= TASK DETAILS =
The line with "Photo #4: 250053915 Listing" marks the first line to copy, and the line with "พล.อ.ประยุทธ์ ร่วมประชุมสภาวันที่ 2" marks the last. Transcribe that stretch of the data below exactly, without pictures.

= LISTED RECORDS =
*** Begin section ***

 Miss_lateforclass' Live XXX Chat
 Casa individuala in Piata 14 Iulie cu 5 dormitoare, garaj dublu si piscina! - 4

*** End section ***
*** Begin section ***

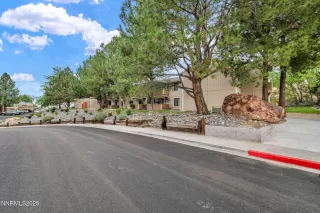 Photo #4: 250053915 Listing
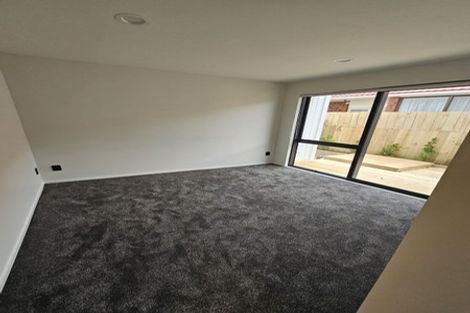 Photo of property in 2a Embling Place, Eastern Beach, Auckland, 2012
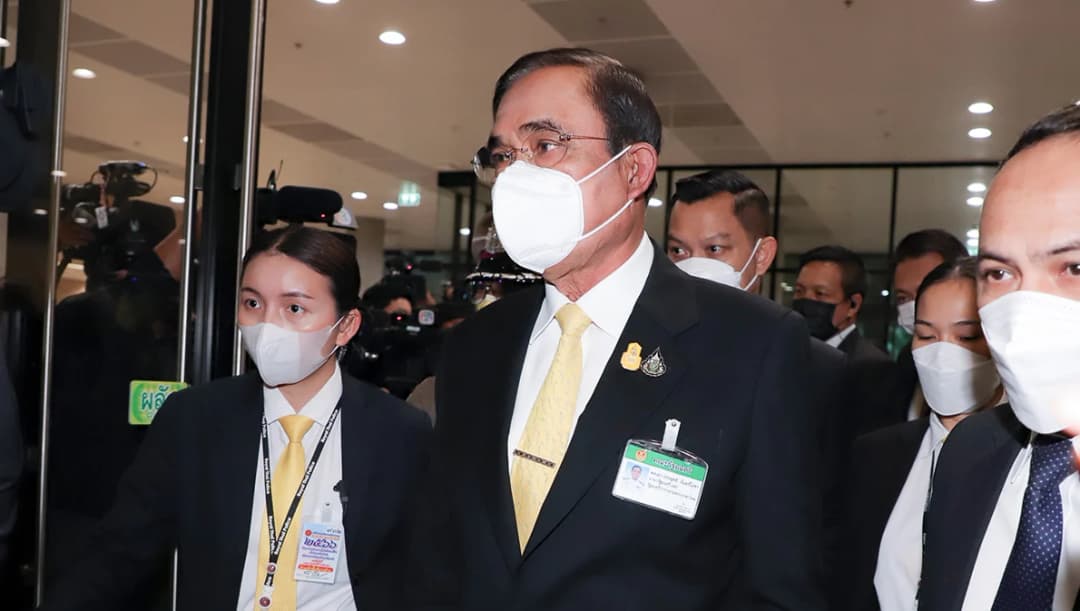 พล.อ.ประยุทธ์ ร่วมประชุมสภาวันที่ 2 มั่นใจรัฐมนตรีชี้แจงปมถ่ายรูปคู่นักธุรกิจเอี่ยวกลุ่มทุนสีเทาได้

*** End section ***

= EXERCISE OUTPUT =
 Photo #4: 250053915 Listing
 Photo of property in 2a Embling Place, Eastern Beach, Auckland, 2012
 พล.อ.ประยุทธ์ ร่วมประชุมสภาวันที่ 2 มั่นใจรัฐมนตรีชี้แจงปมถ่ายรูปคู่นักธุรกิจเอี่ยวกลุ่มทุนสีเทาได้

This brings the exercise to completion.